From Montcalm and Wolfe, Chapter 21 by Francis Parkman
The below is from Francis Parkman’s Preface to this book.
A very large amount of unpublished material has been used in its preparation, consisting for the most part of documents copied from the archives and libraries of France and England, especially from the Archives de la Marine et des Colonies, the Archives de la Guerre, and the Archives Nationales at Paris, and the Public Record Office and the British Museum at London. The papers copied for the present work in France alone exceed six thousand folio pages of manuscript, additional and supplementary to the “Paris Documents” procured for the State of New York under the agency of Mr. Brodhead. The copies made in England form ten volumes, besides many English documents consulted in the original manuscript. Great numbers of autograph letters, diaries, and other writings of persons engaged in the war have also been examined on this side of the Atlantic.
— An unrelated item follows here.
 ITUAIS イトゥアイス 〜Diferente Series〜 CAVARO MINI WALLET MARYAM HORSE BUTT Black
I owe to the kindness of the present Marquis de Montcalm the permission to copy all the letters written by his ancestor, General Montcalm, when in America, to members of his family in France. General Montcalm, from his first arrival in Canada to a few days before his death, also carried on an active correspondence with one of his chief officers, Bourlamaque, with whom he was on terms of intimacy. These autograph letters are now preserved in a private collection. I have examined them and obtained copies of the whole. They form an interesting complement to the official correspondence of the writer, and throw the most curious side-lights on the persons and events of the time.
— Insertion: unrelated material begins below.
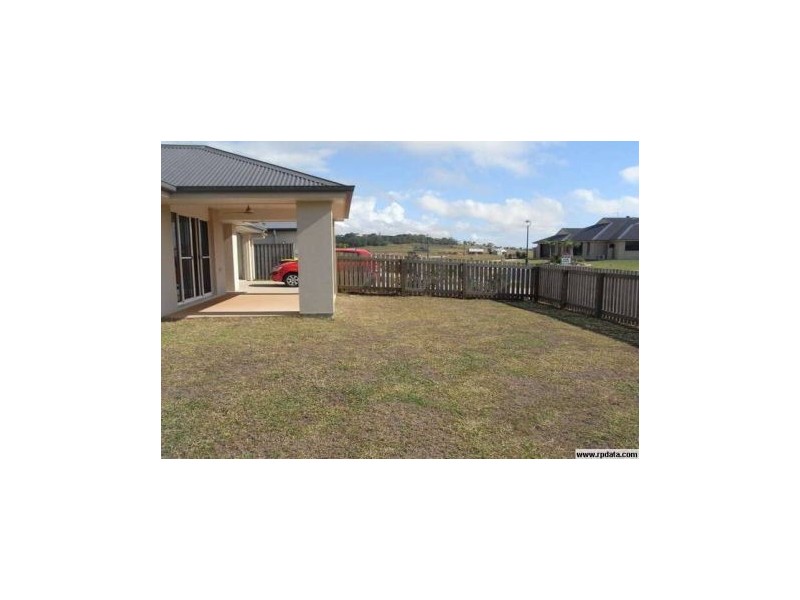 3 Coogee Tce, Blacks Beach QLD 4740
Besides manuscripts, the printed matter in the form of books, pamphlets, contemporary newspapers, and other publications relating to the American part of the Seven Years’ War, is varied and abundant; and I believe I may safely say that nothing in it of much consequence has escaped me. The liberality of some of the older States of the Union, especially New York and Pennsylvania, in printing the voluminous records of their colonial history, has saved me a deal of tedious labor.
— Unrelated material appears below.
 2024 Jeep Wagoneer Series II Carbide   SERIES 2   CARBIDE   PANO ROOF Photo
The whole of this published and unpublished mass of evidence has been read and collated with extreme care, and more than common pains have been taken to secure accuracy of statement. The study of books and papers, however, could not alone answer the purpose. The plan of the work was formed in early youth; and though various causes have long delayed its execution, it has always been kept in view. Meanwhile, I have visited and examined every spot where events of any importance in connection with the contest took place, and have observed with attention such scenes and persons as might help to illustrate those I meant to describe. In short, the subject has been studied as much from life and in the open air as at the library table.
BOSTON, Sept. 16, 1884.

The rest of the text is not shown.